In this study, data from an operational CAT were examined in order to gather information concerning item response times in a CAT environment. The CAT included multiple-choice items measuring verbal, quantitative, and analytical reasoning; only discrete, stand-alone items were used, to avoid the confounding of item response time with reading time for passages. The analyses included the fitting of regression models describing how well the variability in the item-level response times is predicted by item-response-theory-based (IRT-based) item parameters and serial position. All of these analyses were performed for CAT data collected under two different conditions: the first, in which the test takers were only required to answer 80% of the items to receive a score, and the second, in which the test-taker score was proportional to the number of items answered. The availability of two versions of the same test, differing only by the number of items the test taker is required to answer, was a bonus for the study, as it was possible to compare the results for the two datasets to see if the change in scoring rule produced a change in the relationships among the variables.

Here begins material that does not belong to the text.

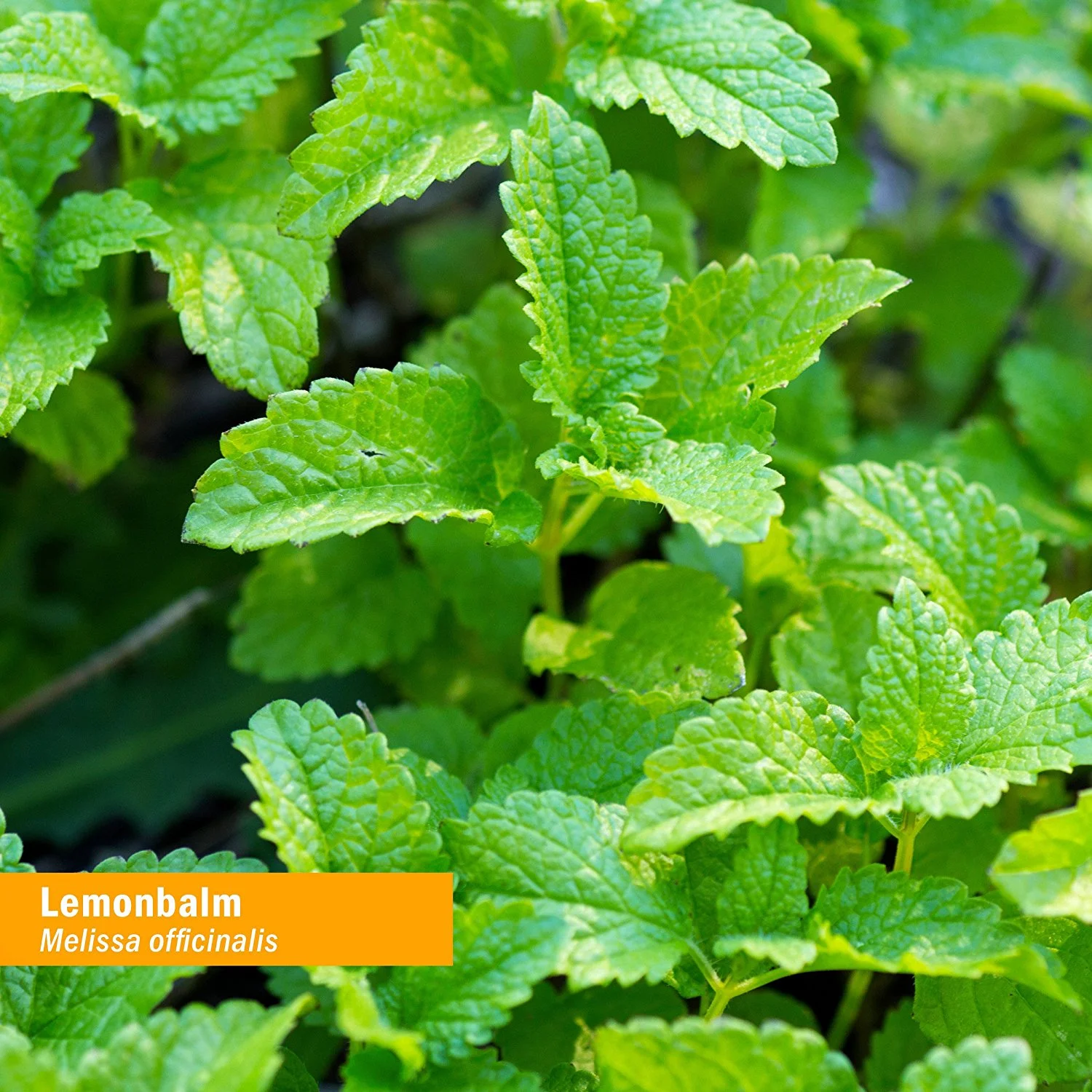 Medicinal Herb Workshop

One issue that arose with the use of response times as a variable in model fitting was the issue of estimating response time means. A CAT data array will have missing values in nonrandom ways, and this had to be taken into account when estimating the mean item response times. Godfrey’s solution to mean estimation with missing data, the square combining table method, was employed to give better estimates of mean response times to be used in the fitting of the regression models. Also-to account for the relationship between ability and item difficulty-the effects due to items, the effects due to test takers, and the residual effects were all isolated, and the regressions were performed separately for each set of effects.

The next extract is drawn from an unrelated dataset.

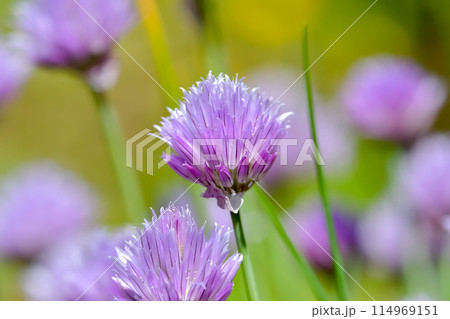 チャイブ 114969151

The results show that ability is predictive of item-level response time for items on the verbal section for both datasets, while item difficulty is predictive of item-level response times for certain sets of quantitative and analytical items. In each case, the regression equations explained more of the variability in the item-level response times when the data were administered under the proportional adjustment scoring rule, which produced a more speeded testing situation than did the 80% scoring rule. Thus, it appears that test takers with low verbal abilities may be more affected by the testing time limits, and this conclusion agrees with earlier research on differential speededness. Also consistent with earlier research are the conclusions that (1) more difficult quantitative items take longer to do, even if the test taker knows how to do them, (2) the analytical section is speeded for test takers of all abilities, and (3) despite the speededness of the analytical section, it appears that those items require more time as they become more difficult, and low-ability test takers may be working less quickly on this section than high-ability test takers. Due to using only discrete items in the analyses, the generalizability of these results to the LSAT is limited, as the LSAT contains no quantitative section and contains only passage-based items on the reading comprehension and analytical reasoning sections. However, the results from the analytical reasoning section of this study do generalize to the logical reasoning section of the LSAT, because the item types are similar.